Unless you’ve been on a beach or trekking up a mountain, you will know that this summer the UK Government has been setting out how the NHS will be transformed and how the UK will cement its position as a world leader in life sciences.

Momentum began with Professor the Lord Darzi of Denham OM KBE PC FRS 2024 report, describing the NHS as “broken” and prompting The Rt. Hon. Wes Streeting MP to outline three strategic shifts: moving from treatment to prevention; shifting more care into the community; and embracing digital innovation over analogue systems.

At genedrive, we welcome the ambition of the newly published NHS 10-Year Plan, which aims to raise standards, reduce waiting lists, and keep people healthier for longer. Alongside this, the Life Sciences Sector Plan provides a roadmap for harnessing the sector’s power to innovate, scale and make it central to the Government’s industrial strategy and drive growth across the entire nation.

Less widely reported, but equally significant, was the Medicines and Healthcare products Regulatory Agency Statement of Policy Intent: Early Access to Innovative Medical Devices, setting out a supportive, risk-proportionate regulatory environment to ensure safe, timely access to technologies that address unmet NHS needs. Practically, this means faster regulatory approvals, streamlined market access, and making Great Britain an increasingly attractive base for innovators to start, grow, scale, and invest.

Initiatives such as NICE – National Institute for Health and Care Excellence approved medtech funding routes and the NHS Innovator Passport are welcome steps. But for real impact, funding decisions MUST be swift and strategic. If prevention is truly at the heart of the Government’s mission, we must urgently prioritise long-term system savings and central funding pools over leaving isolated departments constrained and unable to adopt innovation quickly.

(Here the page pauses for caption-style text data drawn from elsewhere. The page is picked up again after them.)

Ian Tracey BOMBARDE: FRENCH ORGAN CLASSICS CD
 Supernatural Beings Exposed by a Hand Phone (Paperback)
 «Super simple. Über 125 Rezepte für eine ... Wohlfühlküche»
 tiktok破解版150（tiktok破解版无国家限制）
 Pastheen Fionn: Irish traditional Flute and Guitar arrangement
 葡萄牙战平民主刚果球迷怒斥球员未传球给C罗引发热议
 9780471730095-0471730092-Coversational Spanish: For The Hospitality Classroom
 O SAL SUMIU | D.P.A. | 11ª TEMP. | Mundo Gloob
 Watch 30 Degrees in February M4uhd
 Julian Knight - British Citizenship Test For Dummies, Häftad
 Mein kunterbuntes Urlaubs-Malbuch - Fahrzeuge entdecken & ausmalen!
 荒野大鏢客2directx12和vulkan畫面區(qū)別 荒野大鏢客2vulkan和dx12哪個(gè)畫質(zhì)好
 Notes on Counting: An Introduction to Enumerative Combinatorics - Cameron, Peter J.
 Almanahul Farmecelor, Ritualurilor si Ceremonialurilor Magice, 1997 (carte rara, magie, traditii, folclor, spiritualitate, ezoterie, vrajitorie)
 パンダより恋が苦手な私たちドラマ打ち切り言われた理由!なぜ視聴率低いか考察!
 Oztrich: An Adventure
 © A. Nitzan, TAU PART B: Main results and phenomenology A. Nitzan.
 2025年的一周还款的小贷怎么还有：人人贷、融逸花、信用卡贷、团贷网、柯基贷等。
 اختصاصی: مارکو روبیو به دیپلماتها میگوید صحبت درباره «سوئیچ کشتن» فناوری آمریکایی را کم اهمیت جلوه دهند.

We are energised by the collective impact these measures could have. At genedrive, our products are CE-IVD approved, NICE-recommended, and offer significantly better patient outcomes whilst truly enabling financial and productivity gains to pressured healthcare systems. Aligning fully with NHS reform ambitions and specifically, “prevention” rather than treatment.

We look forward to working with the NHS, regulators, and industry to create a simpler, faster, and more collaborative environment. With the right structures, timely decisions and sensible access to reallocation of unnecessarily wasteful financial resources, transforming patient care while driving economic growth is within reach.